Action Strategy Pattern:

ContentType  ActionFactory  IContentAction  ProcessResult

Service Abstraction Layer:

ITranslationService
├── DeepLTranslationService
└── OpenAITranslationService

Processing Flow:

PDF → OCR Recognition → Content Chunking → Action Processing → Note Generation → Zotero Storage

Adding New Actions

// 1. Create new Action class
export class MyCustomAction extends BaseAction {
  async process(
    block: ContentBlock,
    context: ProcessContext,
  ): Promise<ProcessResult> {
    // Implement processing logic
    return {
      success: true,
      processed: "Processed content",
      format: "quote",
      cost: 0,
    };
  }
}

// 2. Register in src/modules/actions/index.ts
export function registerDefaultActions(): void {
  factory.registerAction("custom-type", MyCustomAction);
}

Adding New Translation Services

// 1. Implement ITranslationService interface
export class MyTranslationService implements ITranslationService {
  async translate(
    texts: string[],
    options: TranslationOptions,
  ): Promise<string[]> {
    // Implement translation logic
  }

  async estimateCost(textCount: number, charCount: number): Promise<number> {
    // Implement cost estimation
  }

  async testConnection(): Promise<boolean> {
    // Implement connection test
  }
}

// 2. Register in factory
TranslationServiceFactory.createService("my-service", config);

📊 Performance

Processing Speed

  • OCR Recognition: ~2-5 seconds/page (depends on content complexity)
  • Translation: ~1-3 seconds/batch (10 text blocks)
  • Note Generation: <1 second

Cost Estimation

Example: A 10-page English paper

Item Quantity Cost (DeepL)
OCR 10 pages Free (API provider pricing)
Translation ~5000 characters $0.10
Total - ~$0.10

🐛 Troubleshooting

Issue: Right-click menu not showing

Solutions:

  1. Check if plugin is correctly installed and enabled
  2. Restart Zotero
  3. Check error console (Tools → Developer → Error Console)

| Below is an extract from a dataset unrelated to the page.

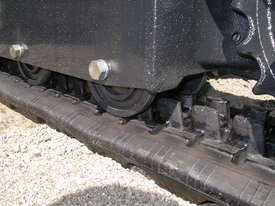 TUFFPART KX161-3 Bottom Roller - picture0' - Click to enlarge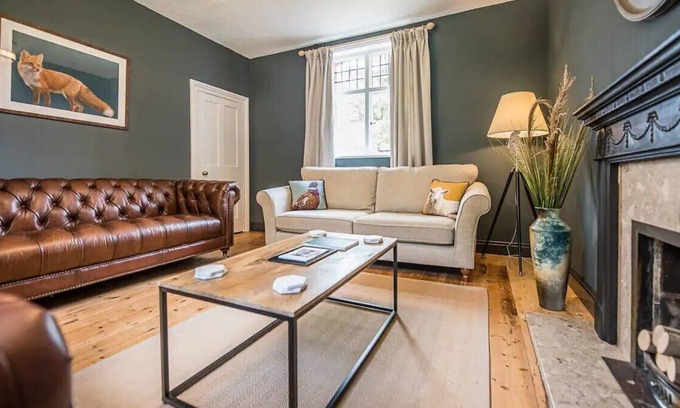 Bury St Edmunds Casa | Pass the Keys | Gardener's Cottage in Nowton Park, Bury St Edmunds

Issue: OCR recognition fails

Possible Causes:

  • API URL or Token incorrect
  • PDF file corrupted or encrypted
  • Network connection issues

Solutions:

  1. Verify API configuration
  2. Test API connection
  3. Check if PDF file opens normally

Issue: Translation fails

Possible Causes:

  • Invalid or expired API Key
  • Quota limit exceeded
  • Text too long

Solutions:

  1. Verify API Key
  2. Check account balance/quota
  3. Reduce batch size

🤝 Contributing

Contributions of code, issue reports, or suggestions are welcome!

How to Contribute

  1. Fork this repository
  2. Create feature branch (git checkout -b feature/AmazingFeature)
  3. Commit changes (git commit -m 'Add some AmazingFeature')
  4. Push to branch (git push origin feature/AmazingFeature)
  5. Open Pull Request

Development Guidelines

  • Follow TypeScript best practices
  • Add appropriate comments and documentation
  • Ensure code passes ESLint checks
  • Maintain consistent code style (use Prettier)
  • Add test cases for new features

📅 Roadmap

v0.1.0 (Current Version) - Core Features MVP ✅

  • OCR recognition system
  • Bilingual translation services (DeepL + OpenAI)
  • Basic Action strategies
  • Configuration management
  • UI components and menus
  • Batch processing
  • Cost estimation

v0.2.0 - Stability and Optimization (Expected 2026 Q1)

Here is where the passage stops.